WHAT YOU ARE ASKED TO DO:
Your job is to set down the stretch of entries that opens with the line containing "545 Mikalor Property Photo 15" and closes with the line containing "LEGRAND Mercedes-Benz 300". Keep both end lines, copy each exactly, and add nothing.

EXTRACTED ENTRIES:
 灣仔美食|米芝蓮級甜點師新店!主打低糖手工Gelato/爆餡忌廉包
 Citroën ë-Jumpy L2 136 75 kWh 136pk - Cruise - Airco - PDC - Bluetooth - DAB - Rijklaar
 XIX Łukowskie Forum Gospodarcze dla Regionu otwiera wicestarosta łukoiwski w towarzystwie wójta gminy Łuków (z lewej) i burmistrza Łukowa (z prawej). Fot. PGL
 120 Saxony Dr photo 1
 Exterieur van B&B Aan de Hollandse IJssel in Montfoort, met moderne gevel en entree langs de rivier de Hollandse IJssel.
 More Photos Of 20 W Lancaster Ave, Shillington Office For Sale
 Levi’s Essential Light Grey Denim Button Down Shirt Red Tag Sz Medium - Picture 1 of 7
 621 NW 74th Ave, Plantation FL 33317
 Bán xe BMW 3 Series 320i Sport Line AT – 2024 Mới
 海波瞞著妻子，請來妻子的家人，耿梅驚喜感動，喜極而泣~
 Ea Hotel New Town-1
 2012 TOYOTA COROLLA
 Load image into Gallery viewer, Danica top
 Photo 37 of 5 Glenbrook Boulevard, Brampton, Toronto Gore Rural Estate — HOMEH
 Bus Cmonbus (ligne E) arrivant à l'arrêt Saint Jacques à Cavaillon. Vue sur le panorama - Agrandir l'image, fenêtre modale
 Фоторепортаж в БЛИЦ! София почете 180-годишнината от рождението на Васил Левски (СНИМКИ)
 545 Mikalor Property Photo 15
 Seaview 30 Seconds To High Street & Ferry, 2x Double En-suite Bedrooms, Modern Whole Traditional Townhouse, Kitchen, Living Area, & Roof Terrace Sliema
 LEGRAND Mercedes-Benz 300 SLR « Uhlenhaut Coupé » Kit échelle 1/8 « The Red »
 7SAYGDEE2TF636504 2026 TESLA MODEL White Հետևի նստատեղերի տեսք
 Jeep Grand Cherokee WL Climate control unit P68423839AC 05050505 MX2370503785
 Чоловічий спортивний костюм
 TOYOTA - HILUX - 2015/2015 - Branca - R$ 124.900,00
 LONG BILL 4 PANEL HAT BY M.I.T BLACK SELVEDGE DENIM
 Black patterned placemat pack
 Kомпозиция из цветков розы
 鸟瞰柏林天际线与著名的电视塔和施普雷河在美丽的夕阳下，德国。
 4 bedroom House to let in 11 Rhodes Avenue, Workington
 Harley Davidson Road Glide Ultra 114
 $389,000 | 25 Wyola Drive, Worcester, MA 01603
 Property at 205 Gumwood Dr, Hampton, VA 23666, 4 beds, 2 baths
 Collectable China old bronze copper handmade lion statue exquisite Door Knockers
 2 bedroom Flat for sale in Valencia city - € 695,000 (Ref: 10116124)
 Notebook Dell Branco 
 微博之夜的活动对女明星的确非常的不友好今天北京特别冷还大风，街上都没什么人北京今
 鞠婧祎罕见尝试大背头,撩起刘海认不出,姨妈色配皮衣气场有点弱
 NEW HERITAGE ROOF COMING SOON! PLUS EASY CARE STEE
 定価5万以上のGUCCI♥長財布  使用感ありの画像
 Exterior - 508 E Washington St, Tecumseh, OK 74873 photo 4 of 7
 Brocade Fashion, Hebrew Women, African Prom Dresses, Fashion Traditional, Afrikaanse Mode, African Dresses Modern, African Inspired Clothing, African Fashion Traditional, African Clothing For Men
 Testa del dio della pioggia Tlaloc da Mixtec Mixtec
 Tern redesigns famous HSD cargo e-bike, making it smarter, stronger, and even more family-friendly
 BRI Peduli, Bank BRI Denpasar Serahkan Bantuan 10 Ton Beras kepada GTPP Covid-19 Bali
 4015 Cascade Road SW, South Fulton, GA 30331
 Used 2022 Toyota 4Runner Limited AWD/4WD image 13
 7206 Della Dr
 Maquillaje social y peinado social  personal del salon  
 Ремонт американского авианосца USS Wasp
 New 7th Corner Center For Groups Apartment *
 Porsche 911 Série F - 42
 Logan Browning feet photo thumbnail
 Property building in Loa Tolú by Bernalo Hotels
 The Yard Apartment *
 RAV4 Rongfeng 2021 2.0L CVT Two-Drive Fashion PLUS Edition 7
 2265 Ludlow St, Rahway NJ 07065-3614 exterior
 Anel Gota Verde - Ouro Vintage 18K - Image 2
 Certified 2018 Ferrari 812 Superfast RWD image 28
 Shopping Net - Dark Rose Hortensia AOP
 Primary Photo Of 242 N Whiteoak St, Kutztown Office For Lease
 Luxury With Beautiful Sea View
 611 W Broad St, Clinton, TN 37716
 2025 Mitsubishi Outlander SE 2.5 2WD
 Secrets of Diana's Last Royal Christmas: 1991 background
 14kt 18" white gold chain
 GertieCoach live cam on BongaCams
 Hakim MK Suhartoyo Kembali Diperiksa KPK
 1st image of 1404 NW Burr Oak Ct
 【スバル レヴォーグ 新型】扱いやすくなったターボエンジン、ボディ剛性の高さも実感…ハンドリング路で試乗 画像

TASK RESULT:
 545 Mikalor Property Photo 15
 Seaview 30 Seconds To High Street & Ferry, 2x Double En-suite Bedrooms, Modern Whole Traditional Townhouse, Kitchen, Living Area, & Roof Terrace Sliema
 LEGRAND Mercedes-Benz 300 SLR « Uhlenhaut Coupé » Kit échelle 1/8 « The Red »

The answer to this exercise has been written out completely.